Partners include engine-builders, Snecma, Volvo Aero and Rolls Royce Deutschland, and aero frame designer Dassault Aviation. Research institutes include DERA in Britain and ONERA in France, and thirdlevel research partners include Trinity, Chalmers University, Ecole Centrale de Lyon, University of Southampton, University of Poitiers and Instituto Superior Tecnico in Portugal. The 13th partner is the National Institute for Turbomachinery in Romania.
Prof John Fitzpatrick, head of mechanical engineering at Trinity, will lead the project in co-operation with fellow Trinity researcher, Dr Craig Meskell. It is called JEAN for Jet Exhaust Aerodynamics and Noise and has a budget of P2.33 million.
Airlines are being forced to reduce jet aircraft noise, with many countries introducing legislation. "International laws on environmental noise from aircraft are being framed with the intention of significantly reducing the noise at airports," Prof Fitzpatrick said. "We have to comply and in Ireland there will have to be monitoring."
Airports are being asked to police noise pollution and will carry the blame if noise limits are not met. In the Netherlands, Schipol airport was fined heavily last year for exceeding international limits averaged over the year - the "cumulative noise exposure index", Prof Fitzpatrick explained.
In the future, airports will deny "slots", or opportunities to land, if aircraft do not comply with the limits. "As a consequence, airlines are tending to buy quieter planes because the slot availability will be reduced if they have a high noise-exposure rating," he said.
JEAN is just part of a larger research initiative. "Europe has set up a number of thematic networks led by European industry," he said, including one called "X-noise", which looks at noise produced by engines, airframe, flaps and landing gear.
Prof Fitzpatrick is on the scientific committee of X-noise and was approached by European companies to head JEAN, in recognition of his research expertise. "It is nice to be considered to be of sufficient value to do such a project."
The team is developing ways to model how an engine will sound, long before it is actually built. "The object is to be able to use this model to develop new designs so you know how much noise a design will generate." Noise reduction is now an important aspect of engine design and each of the likely noise sources is considered in advance rather than assessing how much noise an engine will make when it has been constructed.
Each of the main components of a modern engine, such as fan, compressor and jet, contributes its own share to the overall noise produced. Old engines were simple propulsion units, with most of the noise coming from jet itself. Newer designs, known as high ratio bypass engines, are much quieter and are being made quieter still. Ironically, this will in time cause the jet to again become the single nosiest component, Prof Fitzpatrick said.
In the JEAN project, the problem of predicting the noise generated by jet exhausts would be addressed in three phases, he explained.
The first will be to develop and validate computer-based models that will predict "the complex exhaust flows" produced by modern aero engines using computational fluid dynamics techniques.
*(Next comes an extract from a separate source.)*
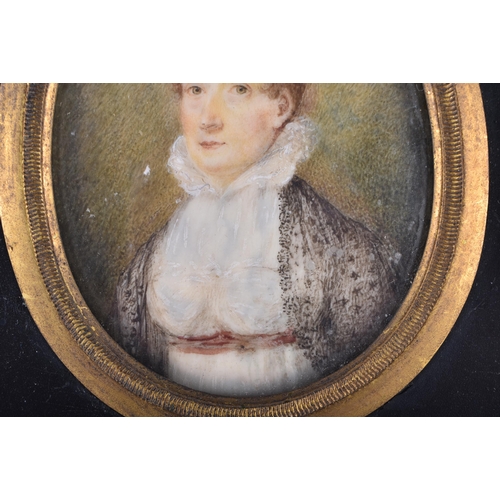 434 - European School (19th Century) Watercolour, Female portrait. 13 cm x 10 cm.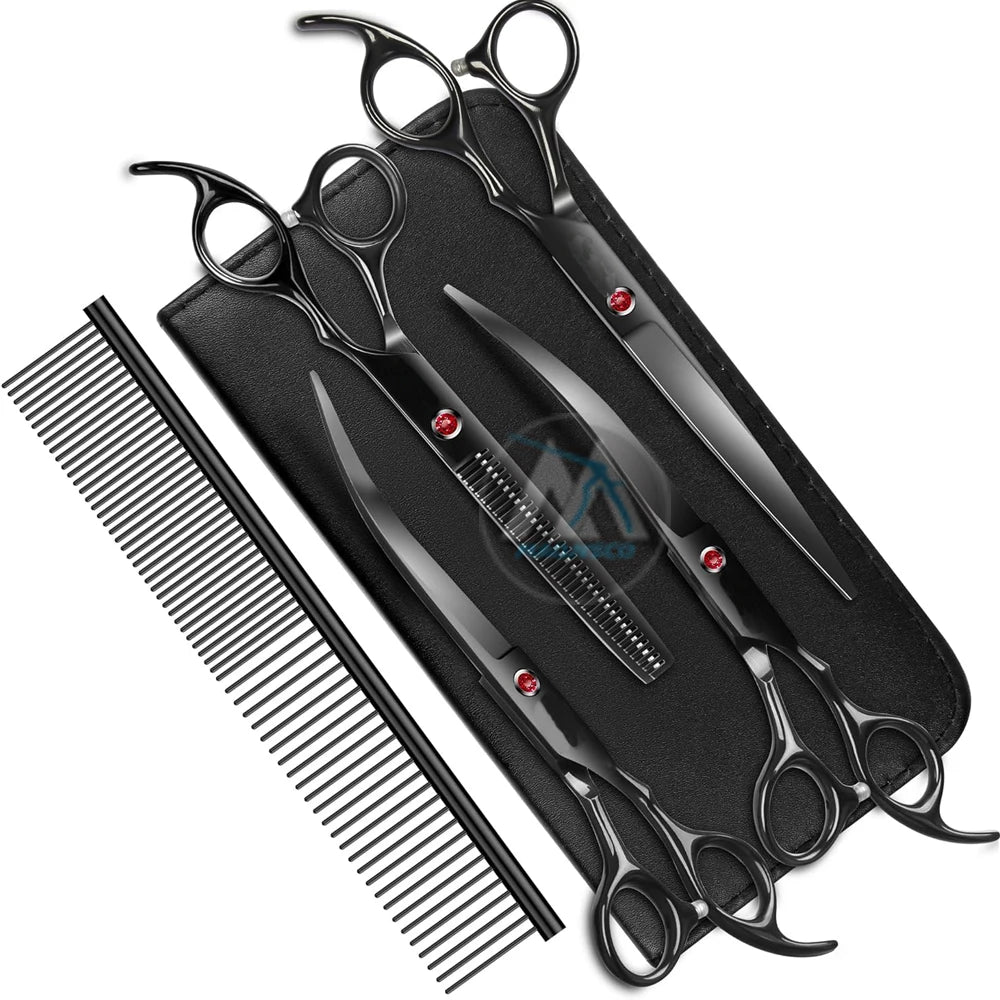 GEMEK 6 in 1 Professional Dog Grooming Scissors Set 7.0 Titanium Straight Thinning Upwards Curved Downwards Hair Extension Tools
The second phase will couple the aerodynamic predictions to noise source generation and propagation models to estimate the near and far field noise generated by subsonic jets. The results will be evaluated against data obtained from a series of carefully designed experiments.
For the final phase, the validated noise prediction procedures will be applied to exhaust mixing improvements and to co-axial jets and the results compared with existing data for these configurations.
The work will recommend the use of a particular suite of techniques and these will then provide for the development of new concepts in low-noise design of jet engines.
Prof Fitzpatrick believes that this type of modelling is becoming a standard part of engine design. It should make living near an airport a little bit more peaceful.